Q “Doesn’t our celebration of Christmas have some roots in pagan religious practices? How do you feel about Christians participating in that sort of thing?”

Actually, the above question wasn’t asked of me or of The New Millennium, the journal I edit. It was the lead question from Dr. James Dobson’s Q & A column in a recent issue of Focus on the Family magazine. It’s a good question, as is Dr. Dobson’s fair, honest, and reasoned answer. I challenge his conclusion, but admire his candor. Here is the entirety of his answer, followed by my comments.

A “It’s true that the timing of our modern Christmas season coincides with that of an ancient Roman festival, the Saturnalia. There’s even an historical connection between the two. In the fourth century, Emperor Constantine declared Christianity the official religion of the Roman Empire and outlawed all pagan religious practices.

“But it seems Constantine also had a fair understanding of human nature and was something of a diplomat. He didn’t want the public outcry that would be sure to result if he simply banned the Saturnalia. He declared that the festivities should continue from year to year, but be given a new meaning. The old pagan holiday was transformed into a celebration of the birth of Jesus Christ — the most important event in human history! In time, the old pagan associations faded and were eventually forgotten.

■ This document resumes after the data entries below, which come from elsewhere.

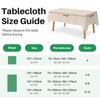 WenYa PVC Table Cloth Wipe Clean Tablecloth Wipeable Plastic Tablecloths,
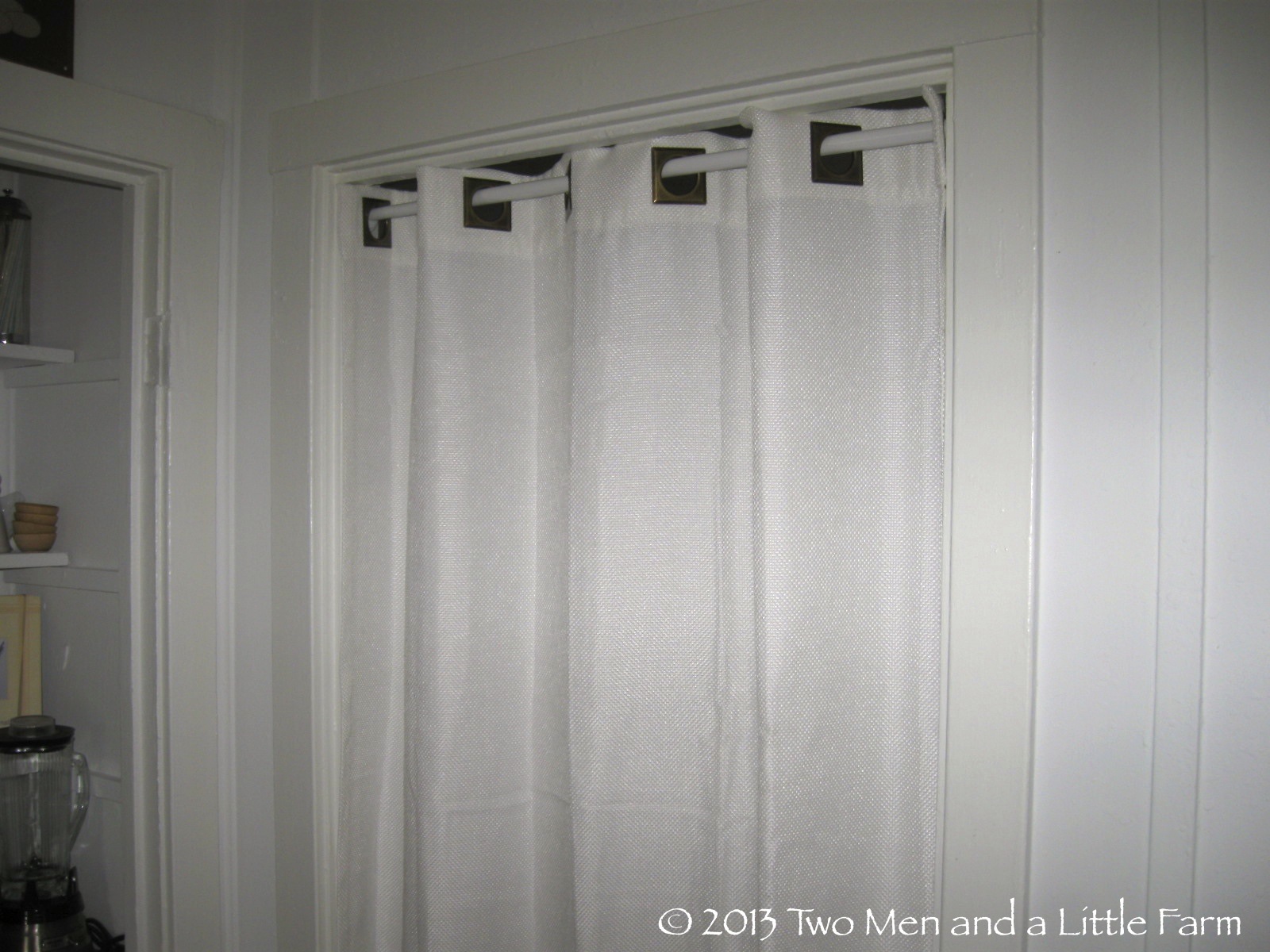 √ Curtain How To Cover A Doorway Without Door News Designfup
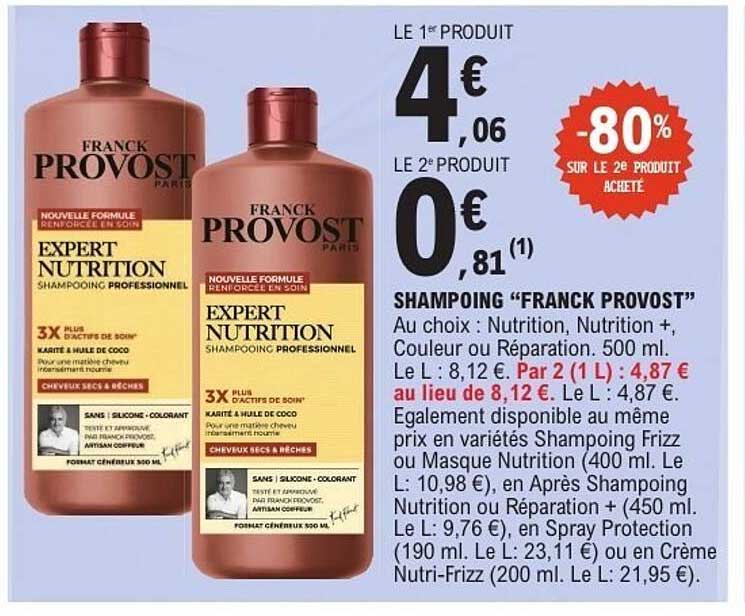 SHAMPOING "FRANCK PROVOST"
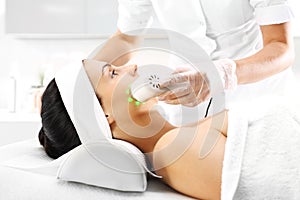 Phototherapy, cosmetic massage ultrasound. photo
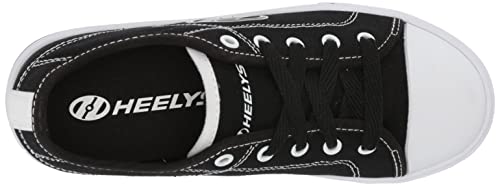HEELYS Classic X2 (Little Kid/Big Kid/Adult) Black/White 13 Little Kid M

“Despite the secular origins of the Christmas holiday, I am not troubled by its celebration. I do understand why other believers are, and I respect their point of view. To my mind, it’s what you make of the event that counts — as the old Emperor seems to have understood so well.

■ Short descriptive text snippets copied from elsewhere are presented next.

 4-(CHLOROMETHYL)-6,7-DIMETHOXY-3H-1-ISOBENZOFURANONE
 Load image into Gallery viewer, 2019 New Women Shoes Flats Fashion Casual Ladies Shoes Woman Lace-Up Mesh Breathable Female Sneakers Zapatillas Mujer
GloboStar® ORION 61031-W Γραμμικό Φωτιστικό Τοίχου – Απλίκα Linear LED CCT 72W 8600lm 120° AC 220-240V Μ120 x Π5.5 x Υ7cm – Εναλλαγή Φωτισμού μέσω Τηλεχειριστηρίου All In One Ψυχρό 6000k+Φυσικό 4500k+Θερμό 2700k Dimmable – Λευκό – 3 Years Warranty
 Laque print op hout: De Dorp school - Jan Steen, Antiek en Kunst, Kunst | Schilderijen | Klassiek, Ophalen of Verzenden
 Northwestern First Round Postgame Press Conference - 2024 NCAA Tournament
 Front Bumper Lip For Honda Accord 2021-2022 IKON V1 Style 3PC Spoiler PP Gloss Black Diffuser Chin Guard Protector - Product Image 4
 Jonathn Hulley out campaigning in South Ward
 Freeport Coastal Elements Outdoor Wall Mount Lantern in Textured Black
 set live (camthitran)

“I seriously doubt that any of us today are in much danger of being lured into the worship of Roman deities. For us, a much more serious threat is posed by the gods of materialism and secularism, who have so successfully established themselves on what Constantine intended to be holy ground.

“But it doesn’t have to be that way. For our family, Christmas has traditionally been one of the spiritual highlights of the year, as well as the focal point of many treasured memories. It is my opinion that this holy holiday can be the same for any family that chooses to make it so.”

I believe Dr. Dobson’s response to the question of Christmas’ pagan roots and practices reflects a widely held view among Christian teachers. Much more could, of course, be brought up on the historical roots of this pagan religious celebration.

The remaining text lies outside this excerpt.